* _Assigned task_: Write out exactly, please, the lines from the one containing "1個街頭塗鴉壁畫-塗鴉女孩與花卉,大尺寸畫布打印街頭塗鴉圖片適用於兒童房和臥室,不含框架 - 彩色" to the end of the material.

* _Input data_:
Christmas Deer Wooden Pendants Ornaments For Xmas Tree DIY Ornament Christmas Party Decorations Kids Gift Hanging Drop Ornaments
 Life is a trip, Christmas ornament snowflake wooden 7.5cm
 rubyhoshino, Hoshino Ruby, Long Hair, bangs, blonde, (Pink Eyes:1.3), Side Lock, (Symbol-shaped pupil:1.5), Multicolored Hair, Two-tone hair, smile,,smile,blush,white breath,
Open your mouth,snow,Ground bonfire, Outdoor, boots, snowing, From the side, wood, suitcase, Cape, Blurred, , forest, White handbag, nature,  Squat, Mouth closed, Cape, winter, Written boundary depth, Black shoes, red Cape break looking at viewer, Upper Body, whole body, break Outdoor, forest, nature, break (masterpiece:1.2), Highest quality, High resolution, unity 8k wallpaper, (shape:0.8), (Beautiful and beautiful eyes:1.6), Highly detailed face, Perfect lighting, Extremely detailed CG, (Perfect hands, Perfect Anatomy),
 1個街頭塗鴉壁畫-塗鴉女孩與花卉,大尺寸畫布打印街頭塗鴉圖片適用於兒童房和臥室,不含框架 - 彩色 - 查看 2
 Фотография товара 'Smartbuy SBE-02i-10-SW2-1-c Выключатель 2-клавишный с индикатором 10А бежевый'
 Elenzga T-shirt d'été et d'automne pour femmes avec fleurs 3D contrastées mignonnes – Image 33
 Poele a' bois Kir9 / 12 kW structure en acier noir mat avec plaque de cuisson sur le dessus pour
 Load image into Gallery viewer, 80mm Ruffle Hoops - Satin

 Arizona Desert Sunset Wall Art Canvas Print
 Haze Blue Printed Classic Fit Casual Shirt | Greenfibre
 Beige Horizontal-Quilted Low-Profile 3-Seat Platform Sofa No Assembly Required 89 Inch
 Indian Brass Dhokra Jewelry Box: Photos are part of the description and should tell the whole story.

* _Exercise answer_:
 1個街頭塗鴉壁畫-塗鴉女孩與花卉,大尺寸畫布打印街頭塗鴉圖片適用於兒童房和臥室,不含框架 - 彩色 - 查看 2
 Фотография товара 'Smartbuy SBE-02i-10-SW2-1-c Выключатель 2-клавишный с индикатором 10А бежевый'
 Elenzga T-shirt d'été et d'automne pour femmes avec fleurs 3D contrastées mignonnes – Image 33
 Poele a' bois Kir9 / 12 kW structure en acier noir mat avec plaque de cuisson sur le dessus pour
 Load image into Gallery viewer, 80mm Ruffle Hoops - Satin

 Arizona Desert Sunset Wall Art Canvas Print
 Haze Blue Printed Classic Fit Casual Shirt | Greenfibre
 Beige Horizontal-Quilted Low-Profile 3-Seat Platform Sofa No Assembly Required 89 Inch
 Indian Brass Dhokra Jewelry Box: Photos are part of the description and should tell the whole story.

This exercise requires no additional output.